Archeologische logica

Het letterlijke én figuurlijke hoogtepunt van het museum is de panoramische bovenverdieping, met 348 glaspanelen. Deze galerie is gewijd aan het Parthenon, en hoewel Tschumi daarvan geen bij voorbaat gedoemde kopie wilde afleveren, zijn de verwijzingen naar het voornaamste monument van ’s werelds eerste democratie talrijk. Zo weerspiegelen de afmetingen van de galerie en haar langwerpige vorm rond een harde kern die van de tempel. In tegenstelling tot de rest van het museum ligt de etage bovendien perfect evenwijdig met het Parthenon. De werken kijken daardoor op dezelfde manier naar de zon als ze destijds deden op de tafelberg. Al is het hier voor goden én gewone stervelingen wel aangenamer toeven, dankzij het ecologische koelingsysteem in de dubbele glaswand.

De galerie herbergt heroïsche reliëfsculpturen, mythologische frontonbeelden en het 160 meter lange fries dat destijds de binnenkant van de tempel tooide. Of liever, wat van dat alles overblijft. Griekenland bezit momenteel slechts een derde van het fries. In de reconstructie rond de kern van de galerie vullen gipsen kopieën waar nodig de originele stukken in beige marmer aan. “Het fries verbeeldt een processie ter ere van Athena, de reliëfsculpturen verhalen vooral over goed en kwaad.
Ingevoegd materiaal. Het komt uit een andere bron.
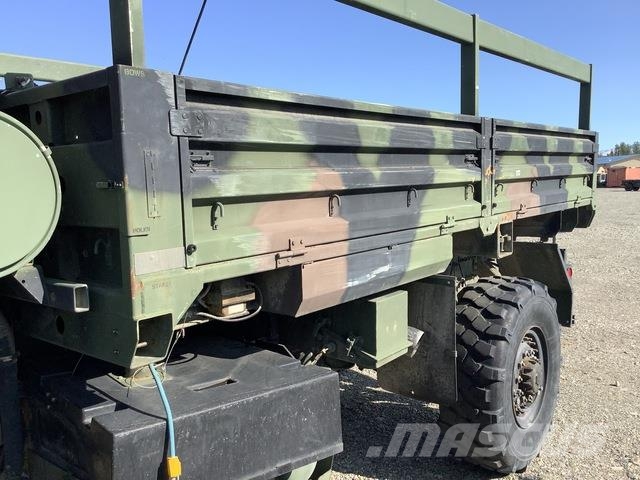 Stewart & Stevenson M1078A1 Kofferaufbau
Maar om het geheel te begrijpen, is het volledige plaatje nodig”, zegt Pandermalis.

Al steunt de markante opstelling vast niet alleen op geschiedkundige overwegingen. Al jaren viseert de Griekse overheid het British Museum, dat bijna de helft van de tempelgoederen bezit. Het Londense museum kocht ze in 1816 van Lord Elgin, die een decennium eerder, als Britse ambassadeur en met de (stilzwijgende) toestemming van de Ottomaanse heersers, het Parthenon ontmantelde voor privégebruik. Toen de man na zijn thuiskomst bankroet ging, verkocht hij de zogenaamde Elgin Marbles voor 35.000 Britse pond.
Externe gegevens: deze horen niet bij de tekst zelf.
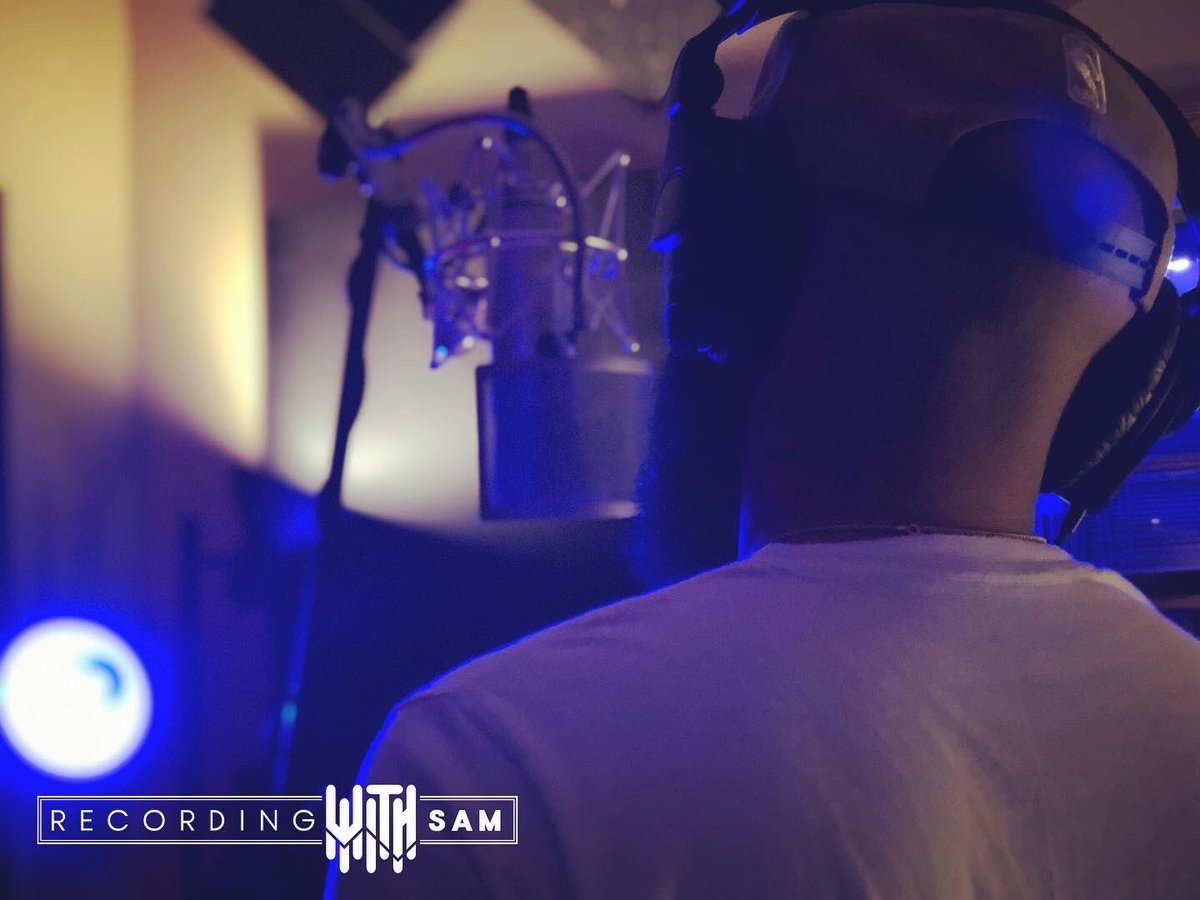recordwithsam's tweet photo. Feels great to be finally getting back to work in the studio! Had an awesome and productive session with my man @caredszn who always comes in prepped and ready to go. Here’s a few snaps from our sesh! https://t.co/Ih6FCXDXsx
Gewapend met voor- en tegenargumenten weken de beide partijen tot nog toe geen millimeter van hun standpunt. Door de amputatie van het Parthenon zo treffend te illustreren, weet het Acropolismuseum echter veel bezoekers voor zich te winnen. “Noem het een kwestie van archeologische logica”, voert Pandermalis aan. “Het lichaam van de godin Iris bevindt zich bijvoorbeeld in Londen, terwijl haar hoofd hier te zien is. Dat is te gek voor woorden.”

Volgen de Britten straks het voorbeeld van Italiaanse en Duitse musea, die kleinere ornamenten teruggaven ? Het grootste bezwaar, namelijk dat de Grieken geen geschikte plaats hebben om nog maar aan een verhuizing te denken, ligt alvast aan diggelen.